Hi there I'm an Australian interested in living in Dubai with my partner. He is a personal trainer and I work in media. Currently both looking for jobs. Any tips for how where who to contact for both industries?


----------



## stanley308 (Jan 17, 2009)

hi,how is going in Dubai now? should we be friends?--stanley

/removed


----------



## Jynxgirl (Nov 27, 2009)

The is a list of recruiters on the sticky. Would be good to send out resumes there but honestly, would suggest to google and apply directly to places. There was someone who got a job at fitness first as a manager recently who posted here. May want to do a search on here for fitness first and bet his thread would pop up. Believe Dan is in his screen name or he might come round. Google gyms and send out resumes directly to them. There are many names in media here and would suggest doing the same. Go to their direct websites and see if you find info directly from. Try linked in to network with like minded people as well.


----------



## Interested in Dubai (Mar 8, 2011)

ooh thanks for your advice, i shall start the internet quest!


----------



## Guest (Mar 9, 2011)

If your partner is decently qualified, I would recommend he avoid working in a gym. The trainers tend to have minimal qualifications and are paid accordingly.

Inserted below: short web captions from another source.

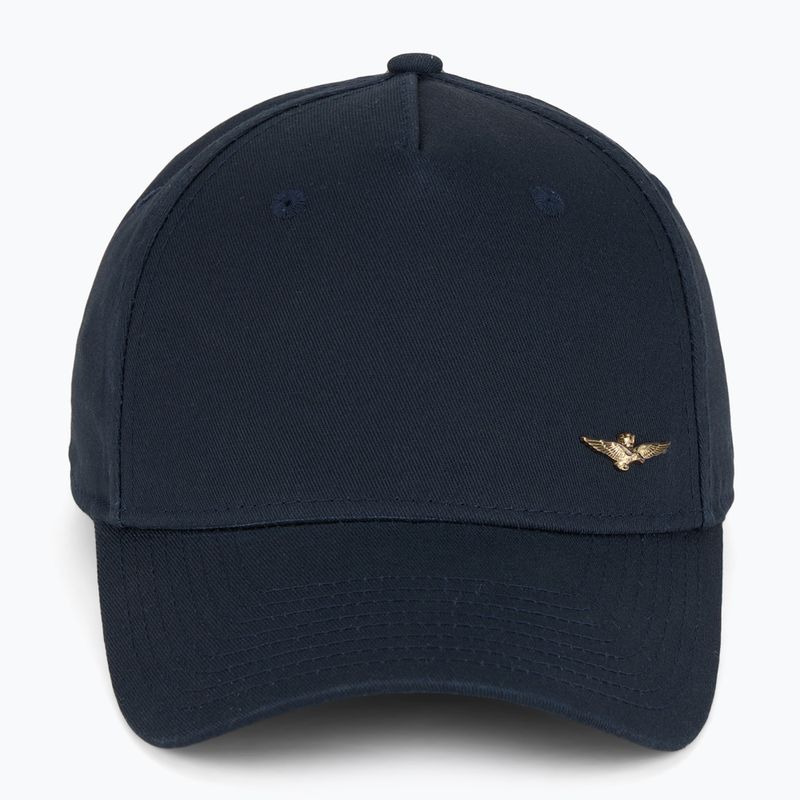 Kšiltovka Aeronautica Militare 251HA1122CT2848 blu navy 2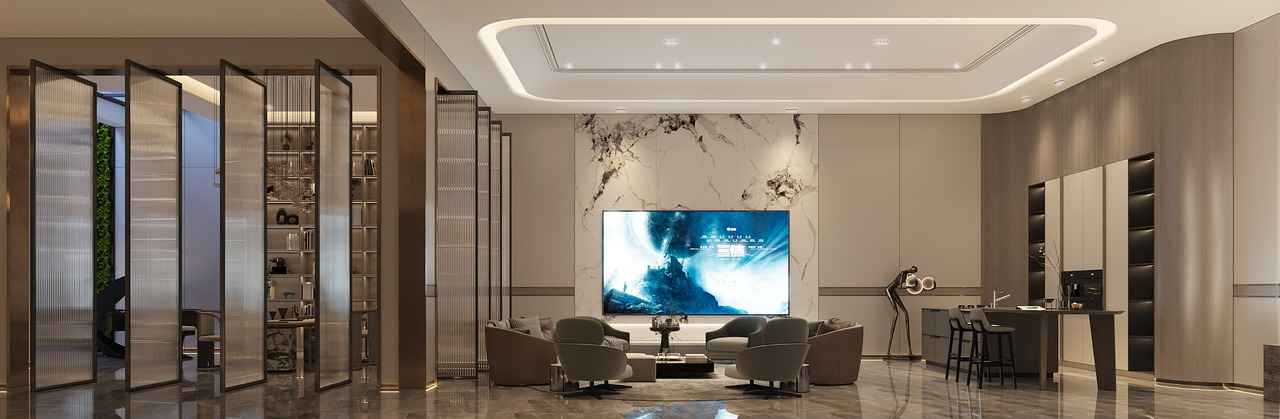 11. Incorporating Storage Solutions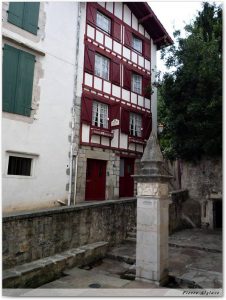 Ciboure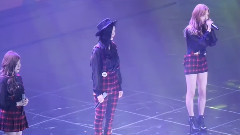 少女时代,少女时代-TTS - Only U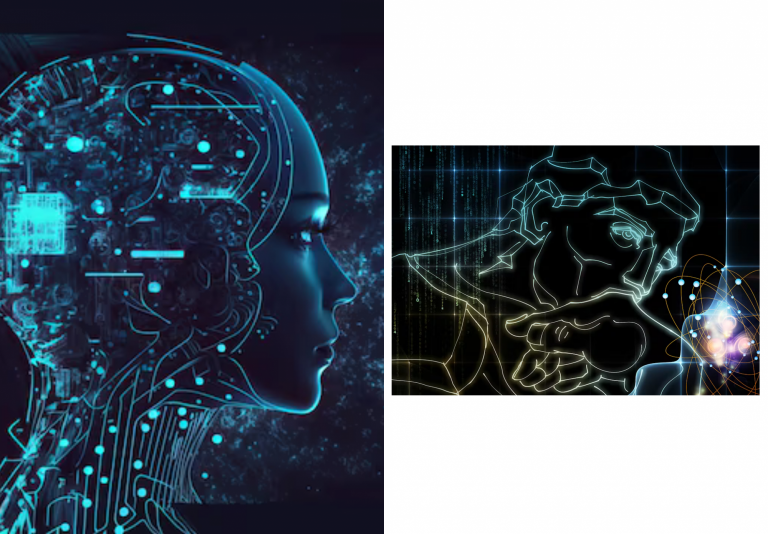 Beyond Calculation: Why Ancient Philosophers Would Say AI Can’t Truly Think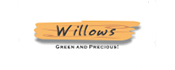 willows Logo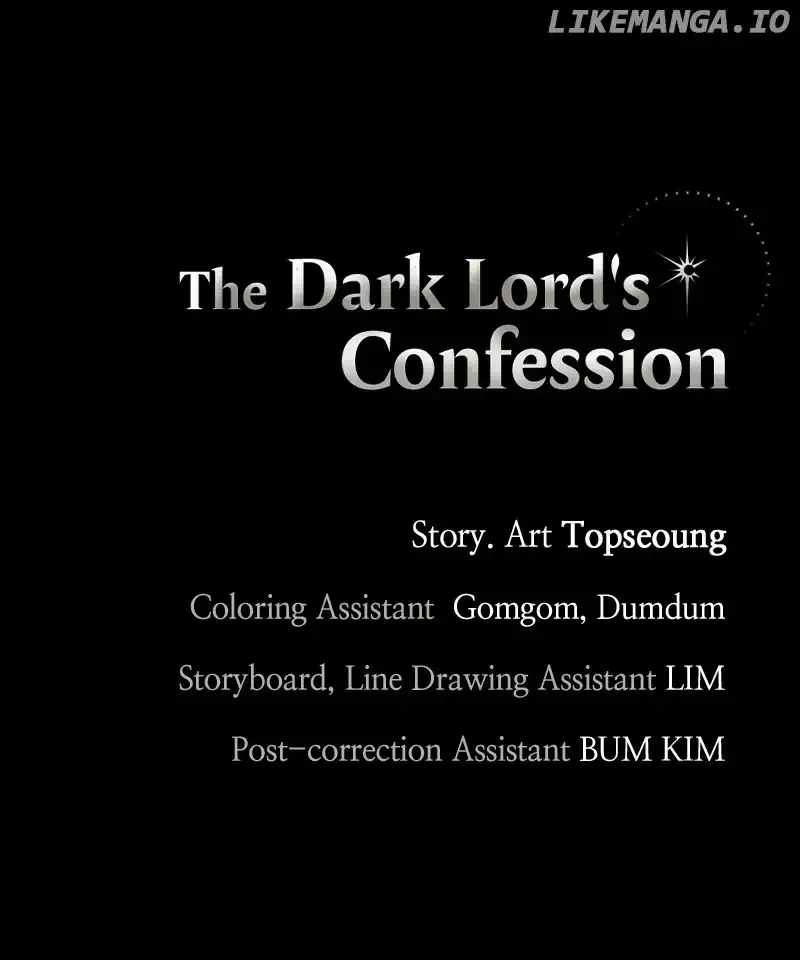 The Demon King’s Confession Chapter 91 page 148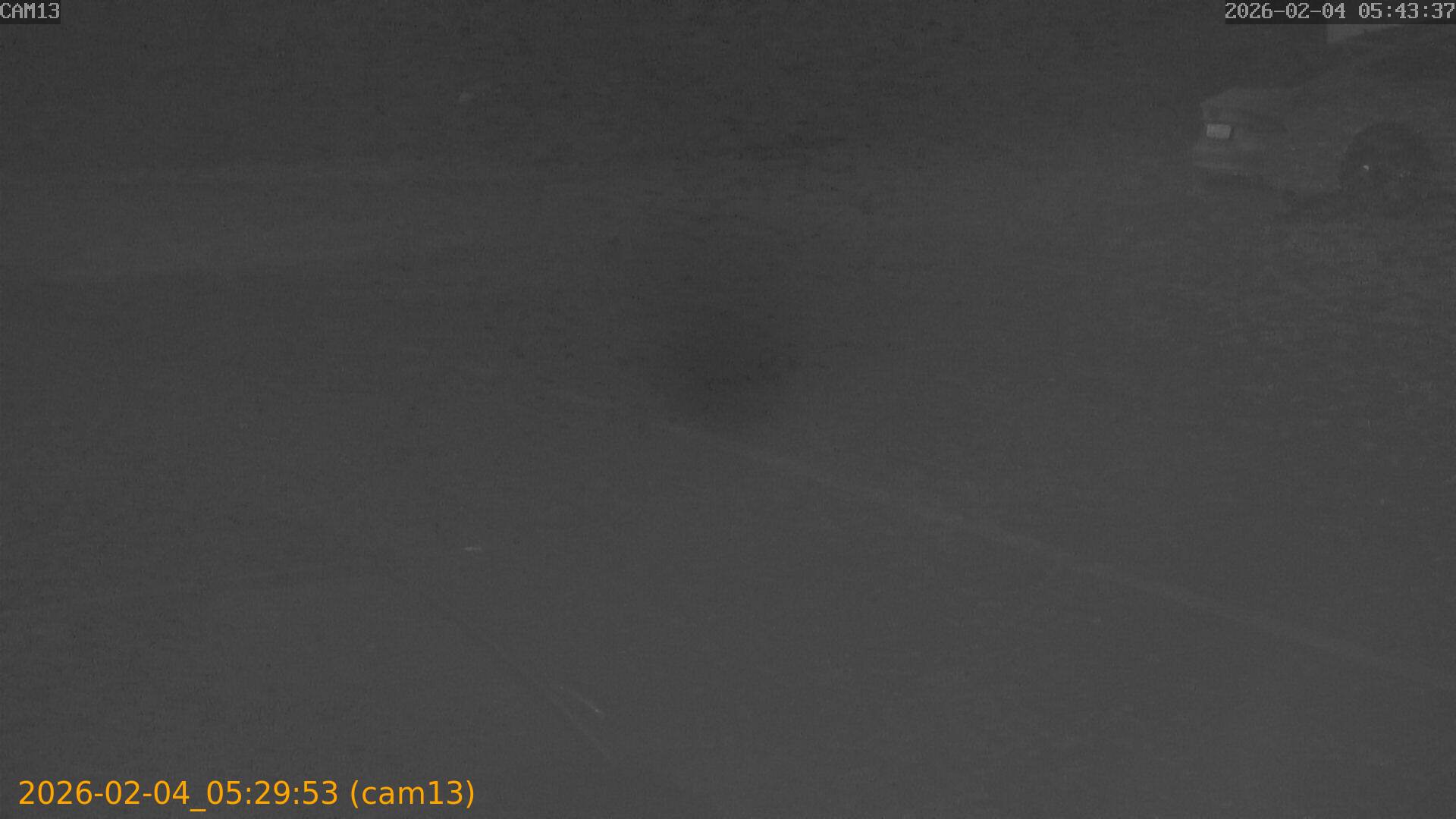 thumbnail_20260204052953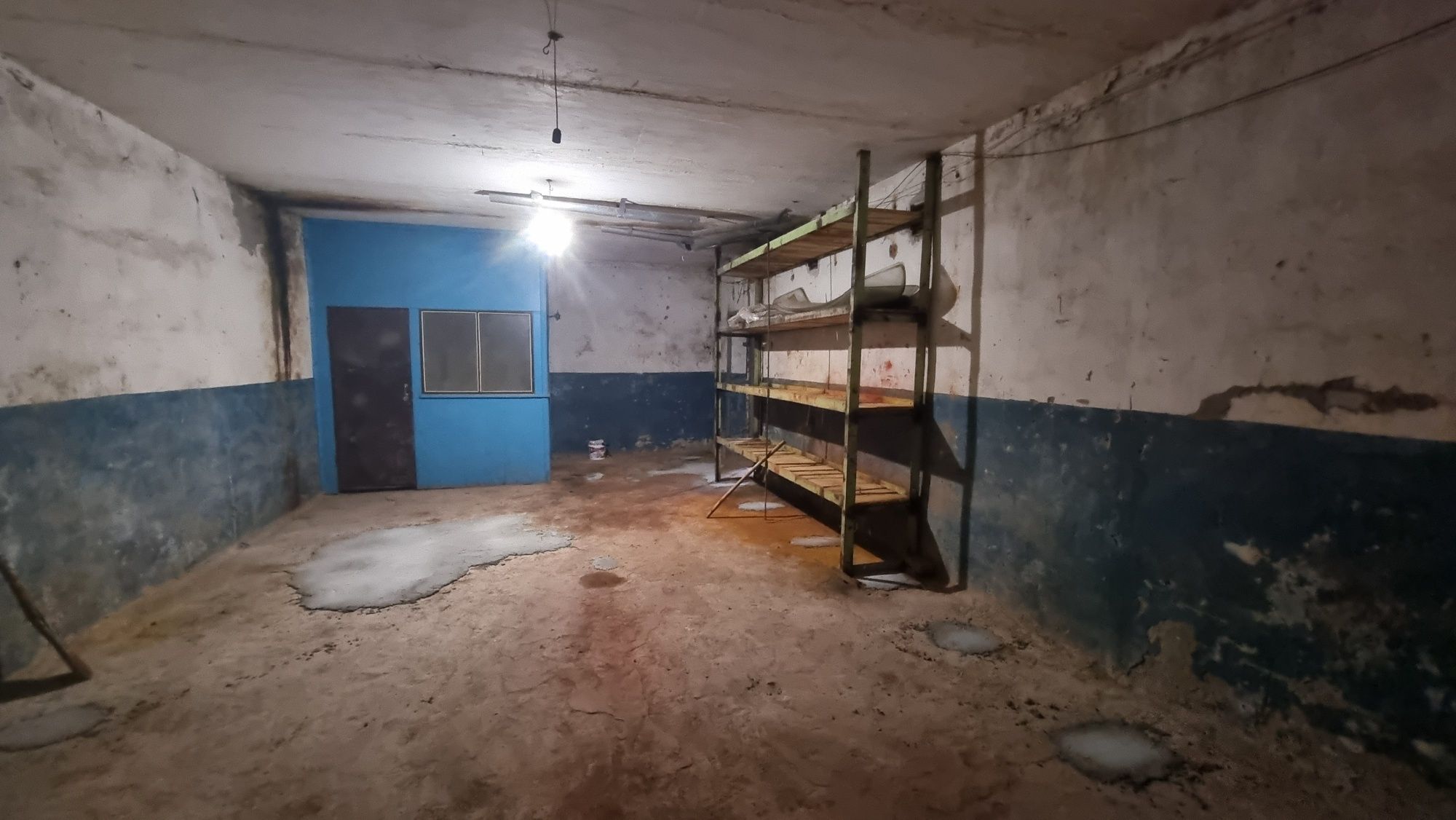 Обʼєкт нерухомості: ПЛОЩА - 52 м², ЦІНА - 107 $
 — HUBTRUST, Вінниця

Dubizzle.com periodically have adverts for independent companies looking for trainers, but I would guess their market is mainly going into people's homes.

Send me a PM when you have enough posts and I can send you some links

I have no idea about media jobs, sorry


----------



## Interested in Dubai (Mar 8, 2011)

Thanks Nola. yup he is. he runs a mobile PT company here so I guess that would be the best bet for him, we shall check out Dubizzle.

thanks again. this is the first time i have ever used a forum or anything similar, and its great!

cheers = )


----------



## abdulkhanmedia (May 28, 2012)

hello Everyone,

I'm currently working with a sports channel in Mumbai India and wants to relocate to Dubai So anybody help me out for finding Media jobs in Dubai
It would be of great help

Cheers
Abdul Khan


----------



## amjad1612 (Aug 12, 2011)

Hey people,
I am arriving in Dubai on 06/06/2012. I have studied Fitness and Nutrition in New York and have pursued some of the best certifications in the Fitness industry in New York itself. I have got a job in Dubai and i hope its going to be a great experence. I dont know too many people there and i would love to make new friends. All of you are most welcome to ask me anything about Fitness and Nutrition.

Tke cre , GOD Bless.


----------